The shapes present in my work appear to me very naturally. The first step is to always nurture myself with images, photographs of artifacts or architecture, as well as reading fiction. There’s no specific direction after this, everything is processed subcounsciously, There’s always this urge to draw the shapes as soon as they reveal themselves in my mind and I understand it’s something I want to explore. Drawing them on the walls is key in order to face them on my own scale.Then, of course, there’s all the work in wood. It’s a material that counters chance as it doesn’t allow for much spontaneity or errors. In a way, it’s a sensual experience as you have to caress, sand it and give it time. It is as meditative as it is tiring.
I think the idea of scale started with the comb sculpture series. The first one I created was massive and it became a tool for self-affirmation, changing how I saw my body and myself in space. I could also identify an underlying sense of violence, which became a main force when going further into this series - the theme of weaponized femininity. The pin sculptures are the aftermath of this experience.
Each one holds an individual presence and silent anger.
There’s an unspoken agitation between the different pins in Trust Me - some form of anxious waiting in their stillness. Every one of them is a step into a direction I'm following blindly, so they retain some form of movement in that sense.
This tacit exchange between seeing and being seen also falls into the basis for any game, which we were talking about earlier.
Most of the pieces I make are derived from the world of swamps - some sort of ethereal place where there aren’t fixed meanings or space for binarity. They have a clear link with the world of dreams, fiction, mythological narratives Besides being unable to clearly identify its horizon line, the swamp carries a violent stillness, an unstable landscape where even distinguishing between solid and liquid becomes a quest. I am allowed to be angry within the idea of the swamp and the pieces are an expression of that emotional freedom.

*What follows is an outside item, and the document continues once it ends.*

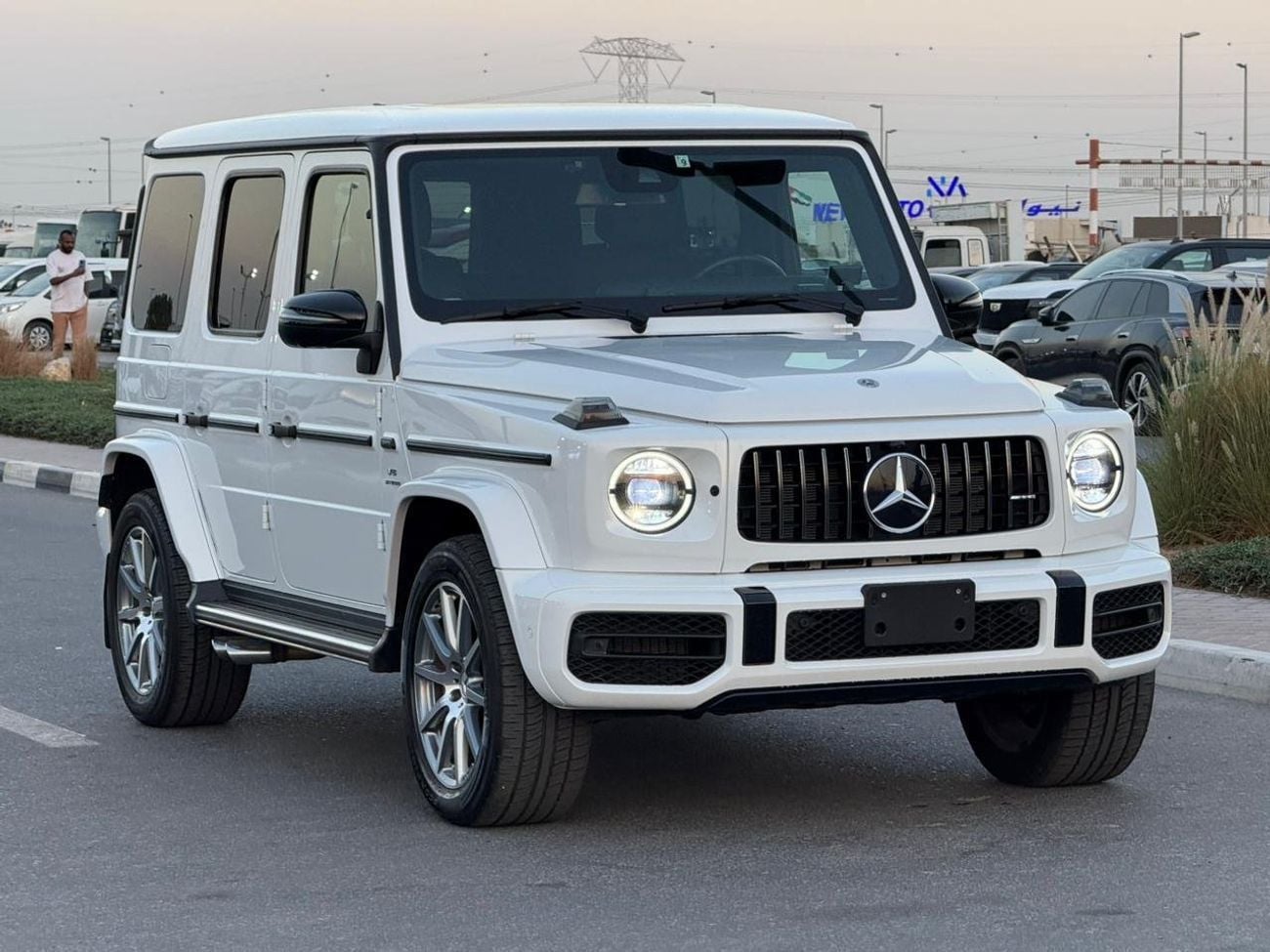 Mercedes Benz G63 AMG STD AMG Night Package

I think it appeared logical to me to use more rough materials because at first the hairpins were meant to act as some kind of weapons. Also it was an artifact that was supposed to speak to us and not an illustration of the body or a part of nature. It’s funny how at the end they turned out to be fully independent individuals. I feel like I will always be surprised by the paths my own work takes by itself.
Unlike the pieces I have done recently, these works will leave the wall and occupy the space. Even if they still keep some of the formal qualities of the pins, they are detaching themselves from the archetypal shape and morphing into a more human form. Looking at them now, I see them as a parade amoureuse. I used to have a very illustrative approach to my work and am now allowing myself to let go of it. I want the abstract forms to take over. It means that I can work better with raw materials. The wooden process took a lot of space in the studio even though it’s something I had discovered one year before. You always work in two opposite directions, trying to dissect the work as you work on wood or metal. In a way, I was trying to hide a bit of myself behind concepts and ideas that preceded my work. Like I was saying before, large-scale drawing was always quite difficult for me, and I am currently taking up the walls of the studio with new versions.
Not the works necessarily, but of the space. It’s a projection of my inner world and leaving these temporary homes is always quite hard.
Since our late June conversation, Mathilde Albouy became part of the Poush art residency program and got selected for Revelations Emerige 2023. Her practice has since developed towards a sharp deconstruction of the original comb and pin shapes, freeing themselves from their representative status. Self-affirming both in scale and space, the new sculptures on show for Artissima foretell a new direction in Albouy’s practice: aquatic explorations through glimpses of tortoise shell patterns.